[D7 port] Entities and fields for the D7 port [#1196510]

This entry will talk about the entity types and fields for Neologism in D7. It will also talk about how we plan to handle the duplicated database storage that arises from using both the Entity/Fields APIs and evoc.

Entity types

For Neologism D7, we'll need four entity types:

Project
Vocabulary
Class
Property

This is a bit different from D6, where we had only Vocabulary, Class and Property.

A Project is the top-level entity. A project has one or more users associated with it (the authors).

A Vocabulary is a collection of classes and properties that all share a single namespace. A vocabulary always belongs to one Project. A Project has one "main vocabulary". That main vocabulary contains the classes and properties that are actually being created and edited in the project. The other (non-main) vocabularies in the project are the external vocabularies that are being used in this particular project.

So, the handling of external vocabularies will be a bit different from how we did it in D6. In D6, external vocabularies were independent from the projects. Once an external vocabulary was loaded, it would be visible and usable in all projects. This is a problem, because on a large site with many users, you can have many projects that all want to use different external vocabularies. When each project can see all the external vocabularies loaded by all other users, it just gets too much. Therefore, in D7 we want an external vocabulary to be only part of a single project. This means, if two different projects both need FOAF as an external vocabulary, then they both have to load FOAF, and there will be two copies of FOAF in the database. The schema supports this -- the two copies will have the same namespace URI (http://xmlns.com/foaf/0.1/) and smae prefix (foaf), but different associated projects.

The remaining entity types are class and property. They are associated with a vocabulary. They basically work the same in D7 as in D6.

Nodes vs. custom entities

For now, we want all these four entity types to be Drupal node types.

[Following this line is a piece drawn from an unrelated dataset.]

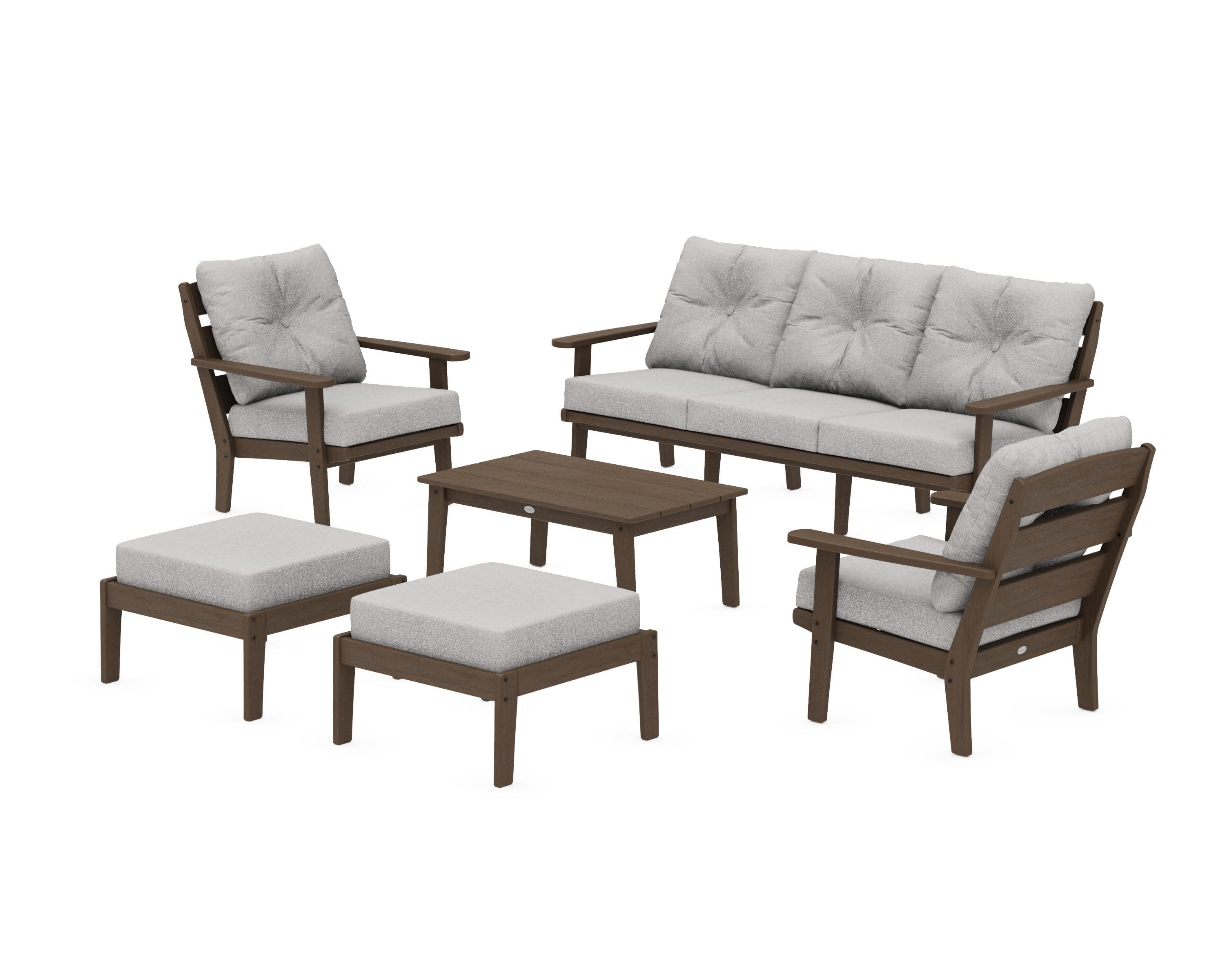 Lakeside 6-Piece Lounge Sofa Set in Kona / Grey Mist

Later on, we probably want to keep only Project as Drupal nodes, and we want the other three types to be their own custom entity types. This is because they don't really behave like nodes. For example, they can't exist on their own, but always have to be part of a project. But as I said, let's worry about that later, and for now we'll just make them all nodes, and use node_references when we need to refer from one entity to another.

Database storage and evoc

In D6, we had the problem that we stored everything twice in the database: once in CCK fields, and a second time in the evoc database schema. This was a major source of complexity and bugs, and we definitely don't want to repeat this. We thought long and hard about the best way of avoiding this duplication in D7, and after some back and forth think that the following is the best way forward:

We will not use evoc at all. We will just use the Entity API and Fields API and the database schema that is automatically created for the entities and fields.

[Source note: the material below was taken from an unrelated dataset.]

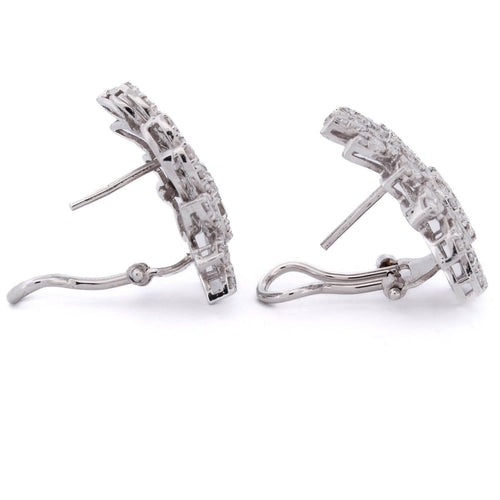 Boucles d'oreilles Boucles d'oreilles florales en platine et diamants 58 Facettes OR P4 (00619)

The only thing that we want to use from evoc is the code for importing vocabularies. It's best to just copy-paste that code into the Neologism project and remove the evoc dependency. This means that new code has to be written to *store* the loaded vocabulary into the entity/fields tables.

Fields

Some details about the fields we think we need for each entity type (cardinality in brackets):

project

main_vocab: a node reference to vocabulary (1)
authors: a user reference to the users associated with the project. Later, we want to add access control, so only these users can make any changes in the project. When a project is first created, then the user doing the creation is the initial value of this field. (1 or more)
layout: the XML layout information stored by the diagram widget. A text field. (1)

vocabulary

project: a node reference to project entity (1)
prefix: the vocabulary prefix, such as foaf (1)
uri: the vocabulary URI, such as http://xmlns.com/foaf/0.1/ (1)
label: the title of the vocabulary ("The FOAF Vocabulary" or something like that) (1)
description: the short description of the vocabulary (0-1)
body: the full, long description (0-1)
additional_rdf: additional triples in Turtle syntax (0-1)
date_created: date when vocabulary was created/imported/loaded
date_updated: last time when anything on that vocabulary was changed

class

vocabulary: a node reference to the vocabulary (1)
local_name: term ID, such as "Person" (1)
label: the rdfs:label (1)
comment: the rdfs:comment (0-1)
body: the full, long description (0-1)
superclasses: node references to superclasses (0 or more)
disjoints: node references to disjoint classes (0 or more)

property

vocabulary: same as for class
local_name: same as for class
label: same as for class
comment: same as for class
body: same as for class
functional: boolean property: is this an owl:FunctionalProperty? (1)
inverse_functional: boolean property: is this an owl:InverseFunctionalProperty? (1)
superproperties: node references to superprops (0 or more)
domains: node references to domain classes (0 or more)
ranges: node references to range classes (0 or more)
inverses: node references to inverse properties (0 or more)

Comment	File	Size	Author
#12	cleaned-1196510-12.patch	43.97 KB	mayankkandpal
#2	project-1196510-2.patch	66.27 KB	mayankkandpal
#1	neologism_entity_types.png	76.38 KB	cygri

Comments

Comment #1

cygri commented 22 June 2011 at 13:41

Status:

Needs work

» Active

Status	File	Size
new	neologism_entity_types.png	76.38 KB

... and the whole thing in a picture:

Comment #2

mayankkandpal commented 5 July 2011 at 21:52

Status	File	Size
new	project-1196510-2.patch	66.27 KB

Patch which does all of the above except that data is still stored in evoc as well as field/entity schema.

Sorry for delay :)

Comment #3

cygri commented 6 July 2011 at 13:38

Status:

Active

» Needs work

I'll start with some comments on code style, before looking at functionality.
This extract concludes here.